= Adolf Bogstad =

Norwegian resistance member (1920–1945)

Adolf Bogstad (22 April 1920 – 13 February 1945) was a Norwegian resistance member who was killed during the occupation of Norway by Nazi Germany.

He was born and lived in Østre Aker. During the occupation of Norway by Nazi Germany, he became involved in Hjemmefronten in 1940 and Milorg in 1941. He was involved in weapons transport and the illegal press, and became the leader of District 13. His last action was Aksjon smør, in which Milorg men stole foodstuffs from two warehouses, one in the street Tollbugata belonging to German forces, and one in the street Skippergata belonging to Arbeidstjenesten. The foodstuffs were distributed to Milorg men who hid in the forests surrounding Oslo.

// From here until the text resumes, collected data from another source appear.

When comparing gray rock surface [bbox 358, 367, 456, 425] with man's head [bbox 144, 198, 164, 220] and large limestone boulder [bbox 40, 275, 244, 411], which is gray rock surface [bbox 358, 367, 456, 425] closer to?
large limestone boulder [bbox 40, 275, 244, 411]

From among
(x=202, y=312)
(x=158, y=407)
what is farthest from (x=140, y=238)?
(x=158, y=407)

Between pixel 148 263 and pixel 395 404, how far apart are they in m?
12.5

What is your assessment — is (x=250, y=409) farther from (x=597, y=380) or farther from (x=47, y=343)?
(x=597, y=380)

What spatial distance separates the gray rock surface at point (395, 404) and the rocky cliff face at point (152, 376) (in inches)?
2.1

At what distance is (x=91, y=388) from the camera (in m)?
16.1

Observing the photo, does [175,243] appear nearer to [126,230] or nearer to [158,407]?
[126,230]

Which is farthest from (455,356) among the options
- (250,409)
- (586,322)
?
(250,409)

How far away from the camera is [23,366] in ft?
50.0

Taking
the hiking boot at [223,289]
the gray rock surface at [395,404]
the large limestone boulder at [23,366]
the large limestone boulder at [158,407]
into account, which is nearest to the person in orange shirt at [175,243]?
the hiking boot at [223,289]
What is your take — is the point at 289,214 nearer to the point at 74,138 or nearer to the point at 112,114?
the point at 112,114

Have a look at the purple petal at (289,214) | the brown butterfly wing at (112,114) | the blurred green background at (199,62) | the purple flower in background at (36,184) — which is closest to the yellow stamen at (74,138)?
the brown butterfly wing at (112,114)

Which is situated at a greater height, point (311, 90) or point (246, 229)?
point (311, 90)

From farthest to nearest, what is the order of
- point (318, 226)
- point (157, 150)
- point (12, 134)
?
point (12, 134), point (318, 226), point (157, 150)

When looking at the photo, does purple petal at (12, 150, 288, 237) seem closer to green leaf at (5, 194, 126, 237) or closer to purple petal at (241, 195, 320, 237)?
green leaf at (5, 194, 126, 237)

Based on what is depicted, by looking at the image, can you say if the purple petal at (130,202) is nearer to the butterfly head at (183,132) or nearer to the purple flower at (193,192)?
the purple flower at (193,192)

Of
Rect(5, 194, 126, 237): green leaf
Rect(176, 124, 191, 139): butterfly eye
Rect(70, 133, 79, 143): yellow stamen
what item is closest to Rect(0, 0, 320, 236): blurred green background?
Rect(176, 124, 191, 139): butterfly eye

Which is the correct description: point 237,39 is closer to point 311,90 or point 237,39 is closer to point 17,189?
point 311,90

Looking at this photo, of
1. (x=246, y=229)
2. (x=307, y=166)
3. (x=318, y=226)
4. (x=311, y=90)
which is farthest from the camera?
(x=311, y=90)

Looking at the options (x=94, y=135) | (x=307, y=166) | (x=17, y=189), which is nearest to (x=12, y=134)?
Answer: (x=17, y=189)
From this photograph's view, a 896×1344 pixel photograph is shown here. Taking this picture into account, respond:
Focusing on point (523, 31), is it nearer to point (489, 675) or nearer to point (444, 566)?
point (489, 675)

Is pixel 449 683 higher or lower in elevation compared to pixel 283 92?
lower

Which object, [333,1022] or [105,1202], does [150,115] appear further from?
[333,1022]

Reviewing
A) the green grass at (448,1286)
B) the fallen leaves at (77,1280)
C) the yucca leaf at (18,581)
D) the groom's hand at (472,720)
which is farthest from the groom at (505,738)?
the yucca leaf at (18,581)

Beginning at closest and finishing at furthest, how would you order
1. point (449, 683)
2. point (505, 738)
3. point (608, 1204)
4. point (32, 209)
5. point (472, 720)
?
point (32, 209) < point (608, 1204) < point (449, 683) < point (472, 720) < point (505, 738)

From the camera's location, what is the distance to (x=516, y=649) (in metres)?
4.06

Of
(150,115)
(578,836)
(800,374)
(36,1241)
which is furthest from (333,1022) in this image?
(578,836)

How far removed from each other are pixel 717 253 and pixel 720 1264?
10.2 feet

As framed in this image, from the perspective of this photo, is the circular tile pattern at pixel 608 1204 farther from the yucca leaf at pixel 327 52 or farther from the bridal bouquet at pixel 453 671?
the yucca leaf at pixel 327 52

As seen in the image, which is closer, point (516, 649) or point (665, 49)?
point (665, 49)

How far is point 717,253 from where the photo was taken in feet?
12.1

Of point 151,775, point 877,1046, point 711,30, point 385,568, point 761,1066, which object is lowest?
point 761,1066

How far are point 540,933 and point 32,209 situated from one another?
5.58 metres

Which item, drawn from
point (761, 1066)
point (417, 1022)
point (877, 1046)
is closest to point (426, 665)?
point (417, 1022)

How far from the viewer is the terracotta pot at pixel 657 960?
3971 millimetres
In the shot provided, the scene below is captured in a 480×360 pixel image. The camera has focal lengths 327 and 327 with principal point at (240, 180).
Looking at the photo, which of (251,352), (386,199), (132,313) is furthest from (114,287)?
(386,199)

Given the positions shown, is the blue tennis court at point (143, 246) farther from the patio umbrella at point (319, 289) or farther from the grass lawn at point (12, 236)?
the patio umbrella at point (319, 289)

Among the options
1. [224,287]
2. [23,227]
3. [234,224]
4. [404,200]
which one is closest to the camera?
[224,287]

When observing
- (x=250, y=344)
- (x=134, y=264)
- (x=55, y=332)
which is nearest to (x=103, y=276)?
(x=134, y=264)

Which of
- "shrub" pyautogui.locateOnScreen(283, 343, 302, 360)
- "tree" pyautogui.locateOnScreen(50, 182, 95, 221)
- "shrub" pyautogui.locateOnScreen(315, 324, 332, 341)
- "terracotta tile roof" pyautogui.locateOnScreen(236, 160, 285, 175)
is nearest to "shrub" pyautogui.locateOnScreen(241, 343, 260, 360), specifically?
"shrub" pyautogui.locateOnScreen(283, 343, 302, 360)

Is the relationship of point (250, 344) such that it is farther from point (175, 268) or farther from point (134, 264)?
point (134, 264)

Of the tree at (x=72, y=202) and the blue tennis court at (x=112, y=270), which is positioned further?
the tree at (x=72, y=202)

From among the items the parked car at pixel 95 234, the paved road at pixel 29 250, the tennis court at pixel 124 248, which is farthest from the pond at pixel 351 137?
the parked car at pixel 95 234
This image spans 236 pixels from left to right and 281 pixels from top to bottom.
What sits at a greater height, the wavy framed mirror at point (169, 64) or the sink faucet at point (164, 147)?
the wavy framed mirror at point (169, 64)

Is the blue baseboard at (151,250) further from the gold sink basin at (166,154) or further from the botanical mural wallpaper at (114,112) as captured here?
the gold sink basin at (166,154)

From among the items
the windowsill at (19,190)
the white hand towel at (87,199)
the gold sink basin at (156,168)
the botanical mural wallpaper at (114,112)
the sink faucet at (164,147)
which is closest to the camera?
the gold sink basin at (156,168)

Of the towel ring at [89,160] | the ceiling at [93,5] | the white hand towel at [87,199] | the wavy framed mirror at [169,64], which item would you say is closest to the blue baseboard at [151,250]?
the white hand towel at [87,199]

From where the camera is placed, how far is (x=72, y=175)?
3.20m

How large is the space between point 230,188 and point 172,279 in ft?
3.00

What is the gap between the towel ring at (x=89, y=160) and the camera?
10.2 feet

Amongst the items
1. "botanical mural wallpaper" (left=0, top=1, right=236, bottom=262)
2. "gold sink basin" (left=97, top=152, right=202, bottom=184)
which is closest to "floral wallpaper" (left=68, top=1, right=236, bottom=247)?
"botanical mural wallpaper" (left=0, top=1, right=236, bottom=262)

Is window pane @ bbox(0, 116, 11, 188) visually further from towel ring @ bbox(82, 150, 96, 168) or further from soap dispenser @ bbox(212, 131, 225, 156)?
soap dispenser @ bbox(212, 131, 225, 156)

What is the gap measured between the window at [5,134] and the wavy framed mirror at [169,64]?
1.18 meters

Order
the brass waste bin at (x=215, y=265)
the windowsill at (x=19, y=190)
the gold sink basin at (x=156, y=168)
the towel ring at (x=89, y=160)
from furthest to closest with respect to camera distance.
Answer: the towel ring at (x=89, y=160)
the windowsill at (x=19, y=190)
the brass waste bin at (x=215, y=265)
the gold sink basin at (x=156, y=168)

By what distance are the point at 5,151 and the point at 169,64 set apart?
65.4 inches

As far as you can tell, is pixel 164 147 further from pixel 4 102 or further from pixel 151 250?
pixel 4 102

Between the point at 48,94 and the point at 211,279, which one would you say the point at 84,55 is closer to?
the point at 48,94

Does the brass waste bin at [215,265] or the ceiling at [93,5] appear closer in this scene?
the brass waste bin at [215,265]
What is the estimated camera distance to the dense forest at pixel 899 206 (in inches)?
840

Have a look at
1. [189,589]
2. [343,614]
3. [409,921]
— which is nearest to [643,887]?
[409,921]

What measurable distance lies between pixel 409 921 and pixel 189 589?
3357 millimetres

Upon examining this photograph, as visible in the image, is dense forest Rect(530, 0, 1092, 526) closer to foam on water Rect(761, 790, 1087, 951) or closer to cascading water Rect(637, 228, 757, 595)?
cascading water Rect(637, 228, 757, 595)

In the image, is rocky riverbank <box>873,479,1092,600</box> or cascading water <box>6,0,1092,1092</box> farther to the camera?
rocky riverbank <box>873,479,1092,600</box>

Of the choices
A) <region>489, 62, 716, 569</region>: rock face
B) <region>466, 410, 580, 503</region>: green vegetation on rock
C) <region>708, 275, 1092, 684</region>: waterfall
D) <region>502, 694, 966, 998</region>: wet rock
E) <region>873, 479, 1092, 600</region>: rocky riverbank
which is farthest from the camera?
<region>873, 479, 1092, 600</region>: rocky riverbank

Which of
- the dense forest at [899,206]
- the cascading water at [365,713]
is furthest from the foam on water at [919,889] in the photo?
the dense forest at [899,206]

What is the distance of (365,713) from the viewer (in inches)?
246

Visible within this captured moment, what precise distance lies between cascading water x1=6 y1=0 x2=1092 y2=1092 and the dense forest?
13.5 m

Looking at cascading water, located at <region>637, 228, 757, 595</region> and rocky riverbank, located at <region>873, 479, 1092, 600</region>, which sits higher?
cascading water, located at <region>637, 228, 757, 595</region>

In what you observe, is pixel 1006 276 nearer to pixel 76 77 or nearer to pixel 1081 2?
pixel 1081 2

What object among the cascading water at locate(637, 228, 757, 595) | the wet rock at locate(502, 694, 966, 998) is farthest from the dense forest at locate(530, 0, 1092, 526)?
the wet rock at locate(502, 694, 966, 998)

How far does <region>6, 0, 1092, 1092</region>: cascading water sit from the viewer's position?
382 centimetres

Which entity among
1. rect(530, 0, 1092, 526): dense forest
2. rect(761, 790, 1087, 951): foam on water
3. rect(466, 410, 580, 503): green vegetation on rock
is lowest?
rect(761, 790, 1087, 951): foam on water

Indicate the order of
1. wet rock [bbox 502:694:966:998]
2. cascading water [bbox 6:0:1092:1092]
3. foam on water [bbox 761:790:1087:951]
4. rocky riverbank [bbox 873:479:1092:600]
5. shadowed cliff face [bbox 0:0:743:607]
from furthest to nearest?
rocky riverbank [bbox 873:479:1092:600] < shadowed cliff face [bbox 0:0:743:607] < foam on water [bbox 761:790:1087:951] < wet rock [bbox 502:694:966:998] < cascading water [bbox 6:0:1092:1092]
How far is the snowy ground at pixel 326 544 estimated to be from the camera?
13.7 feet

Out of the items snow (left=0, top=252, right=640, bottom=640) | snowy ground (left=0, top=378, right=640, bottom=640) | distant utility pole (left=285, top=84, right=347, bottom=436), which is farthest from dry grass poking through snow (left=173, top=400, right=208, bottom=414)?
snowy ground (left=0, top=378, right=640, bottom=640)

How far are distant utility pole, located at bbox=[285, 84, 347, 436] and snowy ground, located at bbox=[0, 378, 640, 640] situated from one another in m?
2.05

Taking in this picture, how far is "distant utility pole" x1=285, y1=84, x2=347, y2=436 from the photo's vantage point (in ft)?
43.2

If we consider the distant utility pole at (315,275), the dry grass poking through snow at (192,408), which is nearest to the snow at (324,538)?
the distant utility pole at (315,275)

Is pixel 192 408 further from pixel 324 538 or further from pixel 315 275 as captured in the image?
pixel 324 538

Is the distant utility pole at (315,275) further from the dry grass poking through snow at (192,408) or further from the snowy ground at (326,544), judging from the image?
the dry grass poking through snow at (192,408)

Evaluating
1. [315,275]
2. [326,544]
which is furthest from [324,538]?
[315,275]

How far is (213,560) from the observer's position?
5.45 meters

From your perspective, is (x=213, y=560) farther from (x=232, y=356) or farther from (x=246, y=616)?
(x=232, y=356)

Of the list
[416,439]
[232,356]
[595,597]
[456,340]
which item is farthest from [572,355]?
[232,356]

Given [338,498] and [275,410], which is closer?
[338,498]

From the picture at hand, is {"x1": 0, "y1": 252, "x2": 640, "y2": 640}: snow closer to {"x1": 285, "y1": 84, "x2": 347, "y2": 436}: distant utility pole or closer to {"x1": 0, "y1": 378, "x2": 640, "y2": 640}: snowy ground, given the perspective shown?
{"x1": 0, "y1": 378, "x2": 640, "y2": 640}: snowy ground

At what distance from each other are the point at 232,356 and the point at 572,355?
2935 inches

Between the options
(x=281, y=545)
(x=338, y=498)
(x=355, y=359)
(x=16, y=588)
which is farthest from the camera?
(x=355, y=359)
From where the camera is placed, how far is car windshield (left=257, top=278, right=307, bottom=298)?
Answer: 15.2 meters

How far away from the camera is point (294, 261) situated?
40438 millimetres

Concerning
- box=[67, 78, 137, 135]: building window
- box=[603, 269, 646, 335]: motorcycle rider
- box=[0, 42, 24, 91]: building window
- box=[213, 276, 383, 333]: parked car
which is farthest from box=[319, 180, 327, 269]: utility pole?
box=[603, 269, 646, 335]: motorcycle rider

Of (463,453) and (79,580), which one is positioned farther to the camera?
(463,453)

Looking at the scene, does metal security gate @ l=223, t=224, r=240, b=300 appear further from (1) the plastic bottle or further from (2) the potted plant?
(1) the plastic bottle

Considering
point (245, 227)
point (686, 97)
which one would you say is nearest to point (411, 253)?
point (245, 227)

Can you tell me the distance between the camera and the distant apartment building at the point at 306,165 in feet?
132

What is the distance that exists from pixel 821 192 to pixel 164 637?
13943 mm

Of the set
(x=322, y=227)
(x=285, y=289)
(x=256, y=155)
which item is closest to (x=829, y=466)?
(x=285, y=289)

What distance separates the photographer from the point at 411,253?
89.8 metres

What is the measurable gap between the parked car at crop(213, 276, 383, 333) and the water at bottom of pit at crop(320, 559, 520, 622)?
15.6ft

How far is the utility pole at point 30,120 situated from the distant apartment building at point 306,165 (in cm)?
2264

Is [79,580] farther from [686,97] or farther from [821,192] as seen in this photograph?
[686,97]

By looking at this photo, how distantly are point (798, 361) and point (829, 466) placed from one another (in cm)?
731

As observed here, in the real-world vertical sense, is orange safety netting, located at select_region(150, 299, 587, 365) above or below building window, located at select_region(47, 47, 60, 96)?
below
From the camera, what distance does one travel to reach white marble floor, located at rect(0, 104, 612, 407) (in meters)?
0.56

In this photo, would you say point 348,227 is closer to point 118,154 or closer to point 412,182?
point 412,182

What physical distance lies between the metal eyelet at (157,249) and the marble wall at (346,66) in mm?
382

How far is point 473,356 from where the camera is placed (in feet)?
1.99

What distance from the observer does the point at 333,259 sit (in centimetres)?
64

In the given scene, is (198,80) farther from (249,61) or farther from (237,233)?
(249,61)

On the next day, Bogstad was going to plan the next action, together with Frank Olsen and Storm Weinholdt, in the latter's home at Kampen. Before either of these arrived, two Gestapo officers, one German and one Norwegian, arrived in the Weinholdt family's home to check on Storm Weinholdt's brother Kjell. As Kjell was not home either, the Gestapo officers waited in the living room. Bogstad and Storm Weinholdt soon arrived, and while the Gestapo officers became suspicious of the rendez-vous, the men stated that they were planning an outdoors trip. They were searched, and knew that they had to leave before Frank Olsen showed up, as Olsen carried important documents which would compromise them. When Olsen did arrive, the Gestapo officers understood the situation, and held the three resistance members, guns pointed. Adolf Bogstad tried to escape through the front door, but were shot twice in the back; one shot from each of the officers. Since he did not die, he was shot twice in the back of the head by the German officer.

Together with eight other resistance members—Erik Bruun, Henry Gundersen, Arvid Hansen, Ingolf Nordstrøm, Kåre Olafsen, Frank Olsen, Kjell Ramberg and Storm Weinholdt—he is commemorated with a memorial stone at Sarabråten in Østmarka.